**WORK TASK**
Output the entries verbatim, including every line.

**EXERCISE INPUT**
┄┄┄┄┄┄

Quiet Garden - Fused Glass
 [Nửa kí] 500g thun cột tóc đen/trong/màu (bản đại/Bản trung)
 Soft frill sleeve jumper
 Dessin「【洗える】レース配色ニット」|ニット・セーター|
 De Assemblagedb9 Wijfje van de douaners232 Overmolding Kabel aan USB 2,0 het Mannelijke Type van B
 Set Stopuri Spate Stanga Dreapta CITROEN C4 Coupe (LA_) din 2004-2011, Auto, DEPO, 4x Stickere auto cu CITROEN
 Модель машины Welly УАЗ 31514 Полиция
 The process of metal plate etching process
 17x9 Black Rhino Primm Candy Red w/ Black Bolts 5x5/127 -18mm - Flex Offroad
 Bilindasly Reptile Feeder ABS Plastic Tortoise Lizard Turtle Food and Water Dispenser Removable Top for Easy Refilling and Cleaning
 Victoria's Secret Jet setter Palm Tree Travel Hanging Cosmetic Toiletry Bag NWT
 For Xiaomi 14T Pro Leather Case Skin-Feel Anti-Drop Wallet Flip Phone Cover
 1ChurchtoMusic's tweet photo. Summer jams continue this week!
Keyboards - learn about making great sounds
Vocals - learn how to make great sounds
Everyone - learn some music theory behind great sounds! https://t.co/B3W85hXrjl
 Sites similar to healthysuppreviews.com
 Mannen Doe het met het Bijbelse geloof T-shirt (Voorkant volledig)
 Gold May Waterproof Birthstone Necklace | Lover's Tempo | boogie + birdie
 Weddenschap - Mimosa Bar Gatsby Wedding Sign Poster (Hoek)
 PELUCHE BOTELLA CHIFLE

┄┄┄┄┄┄

**ANSWER TO THIS EXERCISE**
Quiet Garden - Fused Glass
 [Nửa kí] 500g thun cột tóc đen/trong/màu (bản đại/Bản trung)
 Soft frill sleeve jumper
 Dessin「【洗える】レース配色ニット」|ニット・セーター|
 De Assemblagedb9 Wijfje van de douaners232 Overmolding Kabel aan USB 2,0 het Mannelijke Type van B
 Set Stopuri Spate Stanga Dreapta CITROEN C4 Coupe (LA_) din 2004-2011, Auto, DEPO, 4x Stickere auto cu CITROEN
 Модель машины Welly УАЗ 31514 Полиция
 The process of metal plate etching process
 17x9 Black Rhino Primm Candy Red w/ Black Bolts 5x5/127 -18mm - Flex Offroad
 Bilindasly Reptile Feeder ABS Plastic Tortoise Lizard Turtle Food and Water Dispenser Removable Top for Easy Refilling and Cleaning
 Victoria's Secret Jet setter Palm Tree Travel Hanging Cosmetic Toiletry Bag NWT
 For Xiaomi 14T Pro Leather Case Skin-Feel Anti-Drop Wallet Flip Phone Cover
 1ChurchtoMusic's tweet photo. Summer jams continue this week!
Keyboards - learn about making great sounds
Vocals - learn how to make great sounds
Everyone - learn some music theory behind great sounds! https://t.co/B3W85hXrjl
 Sites similar to healthysuppreviews.com
 Mannen Doe het met het Bijbelse geloof T-shirt (Voorkant volledig)
 Gold May Waterproof Birthstone Necklace | Lover's Tempo | boogie + birdie
 Weddenschap - Mimosa Bar Gatsby Wedding Sign Poster (Hoek)
 PELUCHE BOTELLA CHIFLE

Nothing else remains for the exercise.